Clarity in Different Ways
By Rabbi Yedidya Kaganoff 
            
By the Makka of Arbeh/Locusts the Torah says, "They will cover the land, and they won't be able to see the ground, and they will eat the leftover food that has been left by the hailstones. They will also eat everything in your houses." Why does the Torah mention that the land will be covered, you can't see the land, and then the locusts will eat the leftover food? Shouldn't the pasuk start with the loss of food, the harshest part of the plague? Also, when the plague happened it says "va'yimaheir" and Paraoh went quickly to tell Moshe and Aharon to stop the plague. What is it about this plague that Paraoh rushed to ask Moshe and Aharon to end it?
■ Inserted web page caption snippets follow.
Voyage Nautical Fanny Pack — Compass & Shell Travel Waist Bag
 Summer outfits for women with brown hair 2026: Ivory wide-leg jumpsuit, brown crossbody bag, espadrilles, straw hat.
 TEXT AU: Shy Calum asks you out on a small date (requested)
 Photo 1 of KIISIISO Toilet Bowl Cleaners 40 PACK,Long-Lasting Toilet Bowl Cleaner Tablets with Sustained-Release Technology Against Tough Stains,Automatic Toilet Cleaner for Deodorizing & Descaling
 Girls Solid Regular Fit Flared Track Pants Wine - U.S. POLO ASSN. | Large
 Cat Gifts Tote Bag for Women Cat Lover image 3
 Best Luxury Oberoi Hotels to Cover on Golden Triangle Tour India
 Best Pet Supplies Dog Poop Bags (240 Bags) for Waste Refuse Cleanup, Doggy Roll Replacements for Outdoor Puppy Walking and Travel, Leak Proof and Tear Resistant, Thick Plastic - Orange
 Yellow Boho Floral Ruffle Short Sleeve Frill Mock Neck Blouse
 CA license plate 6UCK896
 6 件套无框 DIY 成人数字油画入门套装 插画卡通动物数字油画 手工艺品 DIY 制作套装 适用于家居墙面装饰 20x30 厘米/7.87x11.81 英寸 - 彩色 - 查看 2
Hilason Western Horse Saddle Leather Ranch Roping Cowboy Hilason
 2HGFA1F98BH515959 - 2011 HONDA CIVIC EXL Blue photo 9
Chazal say that "a blind man does not get full when he eats." Simply understood, this statement means that part of becoming full when one eats is seeing the amount of food consumed. If one is unaware of the portion size, his desire is to eat more. The Kli Yakar explains based on this idea that even the locusts could not see, because of their sheer numbers. As the pasuk says, "They covered the land." They were not satisfied with what they ate.Therefore they kept eating! This plague was extraordinary as there was a "Catch 22".The locusts continued to eat because of the darkness that they were creating! After they finished the fields they were going to eat the stored food inside the houses, thereby starving everyone. That's why Paraoh was anxious to have this plague ended immediately. Paraoh (and the land of Egypt) was all too familiar with famine from their experience in the times of Yosef. The Kli Yakar says that Paraoh admitted that he was wrong, then he asked Moshe to pray for the removal of the locusts. Hashem prematurely stopped the plague.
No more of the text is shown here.